Apart from that, it was eat, sleep, and on a good day have a tussle with one or another of the girl staff, though Zeb had to be careful about that because some of them were snarly and others were taken, and he tried to stay out of brawls, never having seen any percentage in rolling around under bar stools with some enraged moron who considered he’d staked eternal twat rights because of his pre-eminent cock and his dimples, and who might have a knife. Unlikely a handgun any more because it was around that time that the CorpSeCorps was confiscating those, having raised the spurious banner of civic safety and thus effectively securing a monopoly for themselves on killing at a distance. Some guys hid their Glocks and other name brands, dug them in under stones in case of dire need, but for the same reason they were unlikely to be carrying. Though not every law and declaration was respected up there in the boonies. Things in the north were always a little fuzzy around the edges, law-wise. So you never knew.
Anyway, the girls. If there was a Back Off sign on a little or big or medium-sized set of cheeks, he always backed off. But if someone crept into his dorm room under cover of darkness, who was he to whimper? He’d been told since a child that he had the morals of a sowbug, and he hated to defeat expectations, in addition to which rejecting a girl’s overture would be hurtful to her self-esteem. Some of those wouldn’t have stood up too well under the light, but one of them had an amazing floppy ass, and another one had a set of boobs like two bowling balls in a string bag, and …
“Too much information,” says Toby.
“Don’t be jealous,” says Zeb. “They’re dead now. You can’t be jealous of a bunch of dead women.”

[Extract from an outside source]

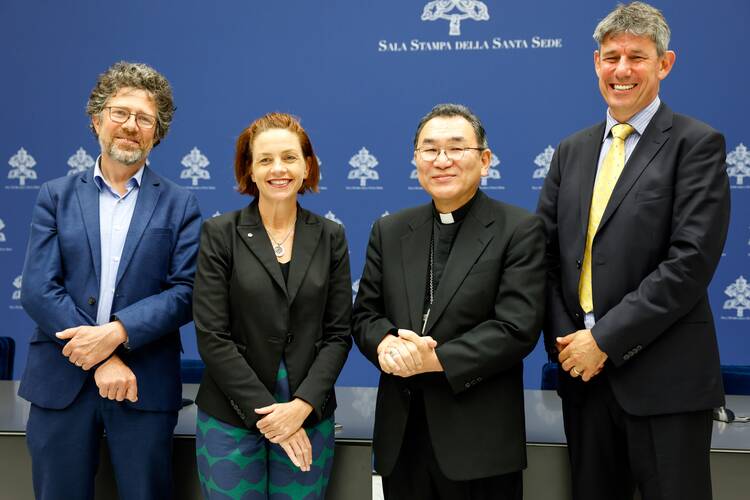 Members of the leadership team of Caritas Internationalis, elected during the organization's general assembly, meet reporters at the Vatican press office May 16, 2023. From left are: Patrick Debucquois, treasurer; Kirsty Robertson, vice president; Archbishop Tarcisius Isao Kikuchi of Tokyo; and Alistair Dutton, secretary-general. (CNS photo/Lola Gomez)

Toby says nothing. The lush corpse of Zeb’s one-time lover, Lucerne, floats in the air between them, unseen, unmentioned, and certainly unburied as far as Toby is concerned.
“Alive is better than dead,” says Zeb.
“No contest there,” says Toby. “But on second thought you never know till you’ve tried.”
Zeb laughs. “You have an amazing ass too,” he says. “Not floppy, though. Compact.”
“Tell about Chuck,” says Toby.
Chuck entered Bearlift Central as though tiptoeing into a forbidden room while pretending he had a right to be there. Furtive but assertive. To Zeb’s mind, his clothes were too new. They looked as if Chuck had just come from one of those crispy outfitter shops, zippers and Velcro and flaps all over, like some kind of kinky video puzzle game. Undo this man, find the leprechaun, win a prize. Never trust a man with new clothes.
“But clothes have to be new sometimes,” says Toby. “Or they did back then. They weren’t created old.”
“Real men know how to dirty up their clothes in about one second,” says Zeb. “They writhe around in mud. Apart from the clothes, his teeth were too big and white. When I see those kinds of teeth, I always want to give them a gentle tap with a bottle. See if they’re fake, watch them shatter. My dad, the Rev, had teeth like that. He used whitener on them. The teeth plus his tan made him look like some kind of light-up deep-sea devilfish or else a long-dead horse’s head in a desert. It was worse when he smiled than when he didn’t.”
“Back off on the childhood,” says Toby. “You’ll get woeful.”
“Woe, your foe? Say no to woe? Don’t preach at me, babe.”
“It works for me. Backing off woe.”
“You sure about that?”
“So, Chuck.”
“So. There was something about his eyes. Chuck’s eyes. Laminated eyes. Hard and shiny. They had a sort of transparent lid over them.”